Figure 24 compares the deep network attention heat map of the detection outcomes. The heat map is drawn by the Grad-CAM [38]. Gradient-weighted Class Activation Mapping (Grad-CAM) uses the gradients of any target concept flowing into the final convolutional layer to produce a coarse localization map highlighting the important regions in the image for predicting the concept. Our efficiency captures spatial information on the depth feature map. For instance, when determining the type of ship, the more reliable bow and stern structures are given more consideration than the intermediate hull. Additionally, it combines more environmental data and concentrates on targets that are easily missed. This image effectively illustrates how mindful attention may be used to learn from DyHead.

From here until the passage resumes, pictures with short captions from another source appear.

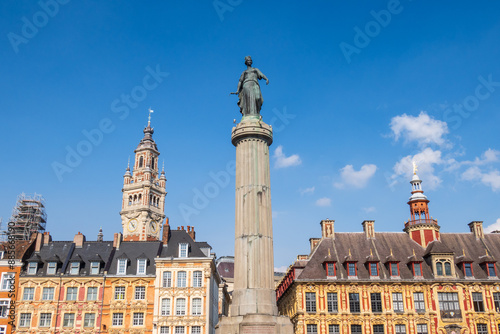 Grand Place in the city of Lille and its belfry over blue sky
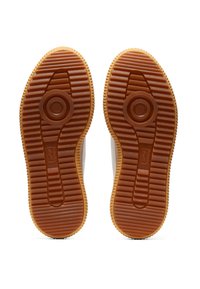 Gumová podešev s texturovaným, vroubkovaným vzorem; oblé loga ve středu; převážně béžová s tmavě hnědými akcenty podél okrajů.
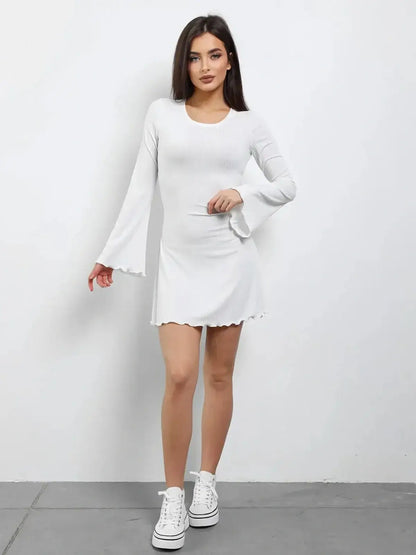 Luxe Lace-Up white mini dress with long flared sleeves, perfect for summer, weddings, or casual outings.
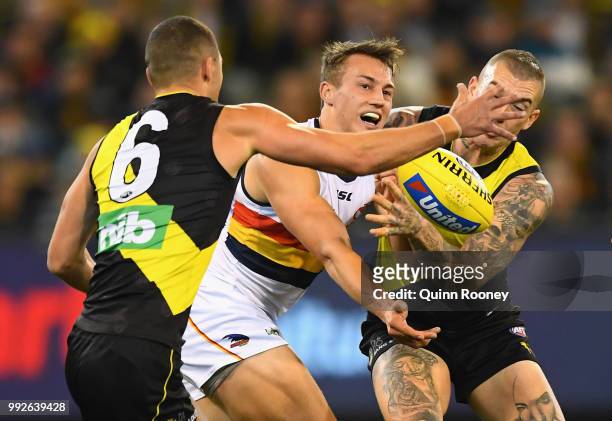 Tom Doedee of the Crows handballs whilst being tackled by Dustin Martin of the Tigers during the round 16 AFL match between the Richmond Tigers and...
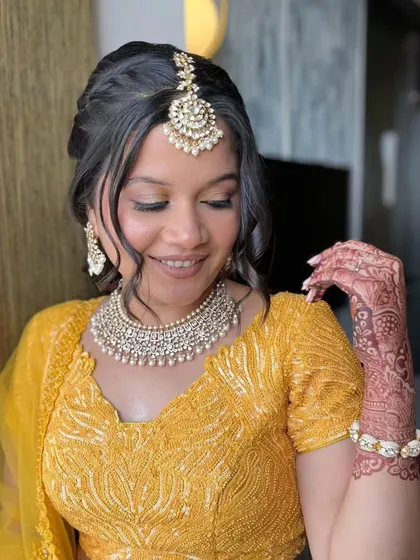 A close-up of the yellow outfit look, featuring a traditional maang tikka and soft, pretty makeup.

4.8. Experiments in Generalization Ability

Another Singapore Maritime Dataset (SMD) [39] was prepared to validate the applicability of the model for multi-scene surface target detection tasks. SMD is a video dataset of sea scenes containing numerous multi-scale ship targets, with images taken on deck and ashore, mainly video continuous frame images. Its dataset is shown in Figure 25 below. In this paper, a frame-drawing method is used to create a home-made dataset to validate the generalization capability of the model to different scenes.
In this section, several models are also selected for comparative analysis. The experimental platform and parameters were kept consistent, and the results were compared across multiple models in the following Figure 26. The line graphs show that ours and the YOLOv5s are the best in terms of SMD, with similar metrics in every aspect, and both perform significantly better than the base model. The method presented in this study, however, is computationally challenging, converges more quickly, and has a limited number of parameters. When integrated with PicoDet network work, the network also outperforms the baseline model, although the issue that the PicoDet model is too computationally expensive still exists.
Figure 27 displays the outcomes of the partial detection on the test set. Comparing the contents of the red boxes in the figure shows that the method proposed in this study is also effective in different scenarios. Compared to other lightweight approaches, the detection frame has fewer errors and misses and is more accurate. In conclusion, the method presented in this work is more broadly applicable than existing lightweight methods and is appropriate for a variety of applications.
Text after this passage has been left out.